Colombia's soccer player James Rodriguez waves to fans (not pictured) during his presentation at the Santiago Bernabeu stadium in Madrid, July 22, 2014. Photo by Juan Medina, Reuters.
MADRID - Real Madrid have signed Colombia midfielder James Rodriguez from Monaco on a six-year contract, the La Liga club said on Tuesday.
"Real Madrid and AS Monaco have reached an agreement for the transfer of James Rodriguez that will see keep him at the club for the next six seasons," Real said in a statement on their website.
The World Cup's Golden Boot winner with six goals, who will be presented at the Bernabeu later on Tuesday, is Real's second major signing of the transfer window after Germany midfielder Toni Kroos from Bayern Munich.
No details of the fee for Rodriguez were disclosed but media reports said it was around 80 million euros ($107.9 million).

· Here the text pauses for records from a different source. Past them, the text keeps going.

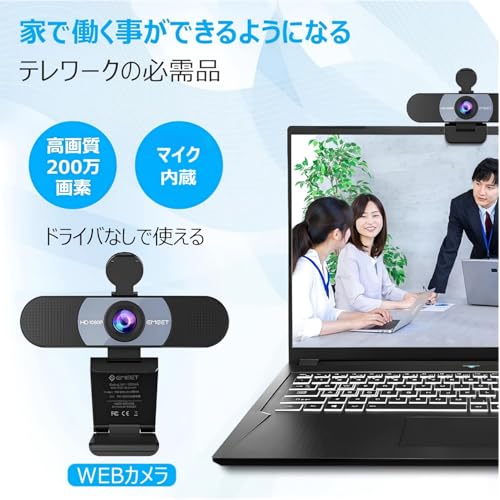 EMEET Webカメラ C960 ウェブカメラ FHD 1080P 30FPS 200万画素 90°広角 2つ内蔵マイク 目隠しカバー付き 固定フォーカス usbカメラ 外付け 自動光補正 三脚取付可 skype Youtube Windows 10/11 MacOS 10.14及び以上 グレー 最後 画像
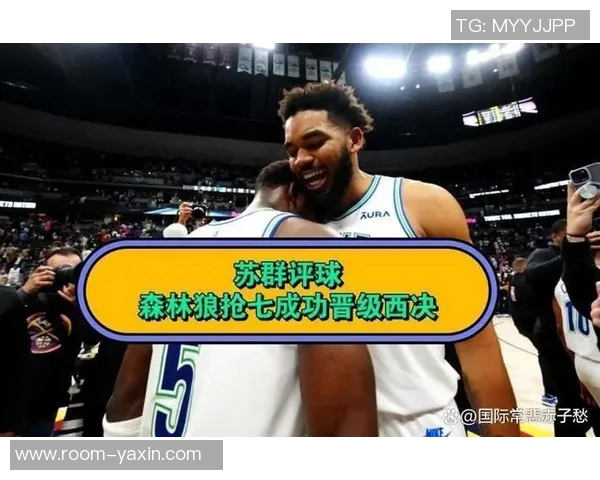 苏群分析西决球队连败现象精神集中度不足或成关键因素 苏群分析西决球队连败现象精神集中度不足或成关键因素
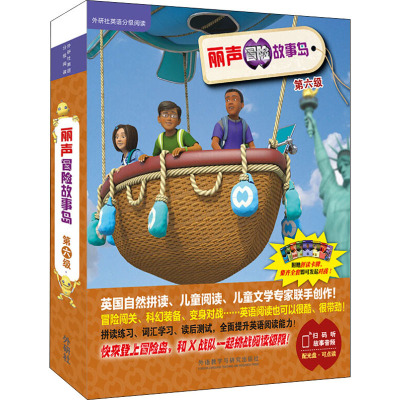 丽声冒险故事岛(第6级)(全8册)(附学习指导+光盘)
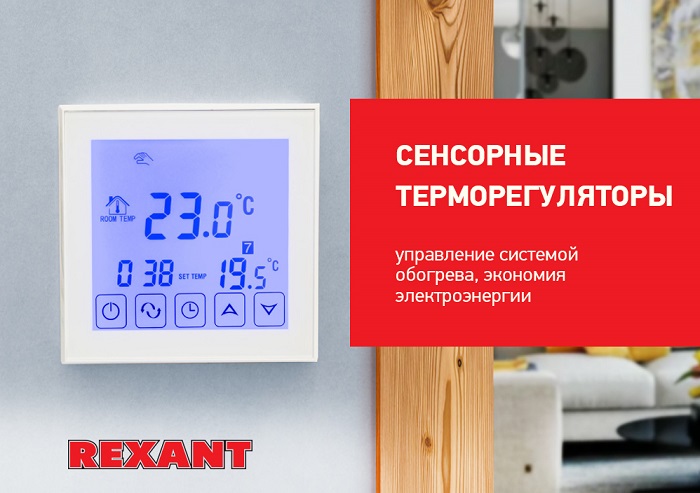Новые сенсорные терморегуляторы REXANT с функцией Wi-Fi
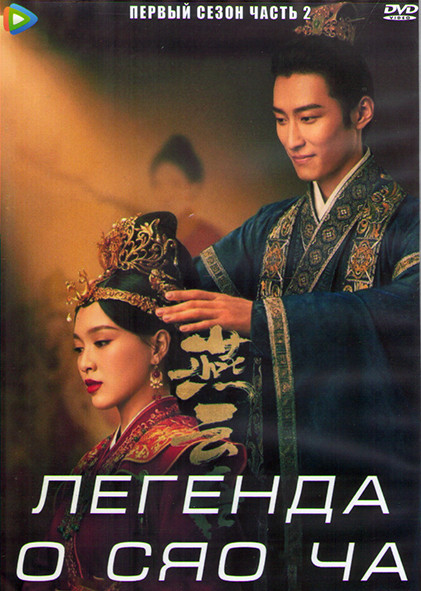 Легенда о Сяо Ча 1 Сезон 2 Часть (25-48 серии) (4DVD) на DVD
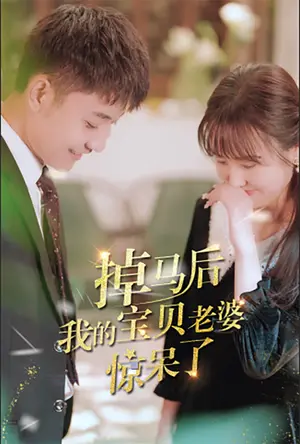《掉马后我的宝贝老婆惊呆了》短剧封面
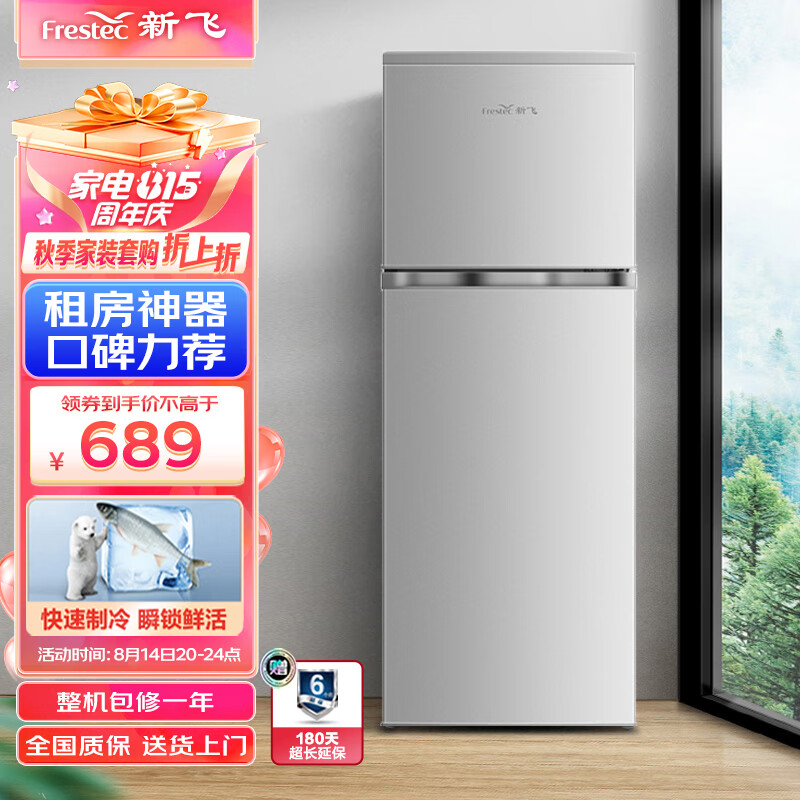 新飞（Frestec）138升实用双开门小型冰箱迷你家用冰箱 简约时尚 出众颜值 省电节能 BCD-138K2CT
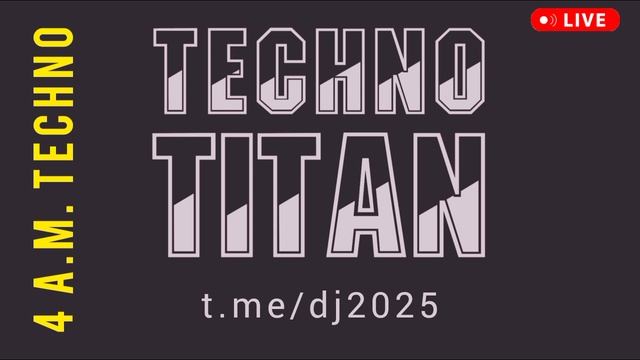 TECHNO TITAN - CLUB TECHNO 1990 - DJ 2024 2025 MIX - новогоднее клубное техно 1990 - ТЕХНО ТИТАН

Rodriguez, 23, first came to Europe in 2010 after signing for Porto and won the Portuguese league three years in a row before joining Monaco last year.
His performances for Colombia at the World Cup prompted a move by Real for Rodriguez who pushed Monaco for the chance to play for the Spanish giants.
"AS Monaco is proud to have helped James Rodriguez reveal his talent to the world as he notably made his mark on the 2014 World Cup in Brazil winning the golden boot" Vadim Vasilyev, Vice-Chairman and CEO of Monaco, said in a statement.
"James is a fantastic player who achieved great things with AS Monaco. The Club had no intention to sell the player, however the time came when the solution of a transfer was considered to be the most beneficial solution for all parties. AS Monaco is proud to be a party to one of the most significant transfers in football history."
The arrival of Rodriguez could open the door for Angel Di Maria to leave Real.
Coach Carlo Ancelotti had wanted to keep him but the Argentine winger is believed to feel under-valued at the club.
Alvaro Morata has left for Juventus and defensive midfielder Casemiro has joined Porto on a season-long loan.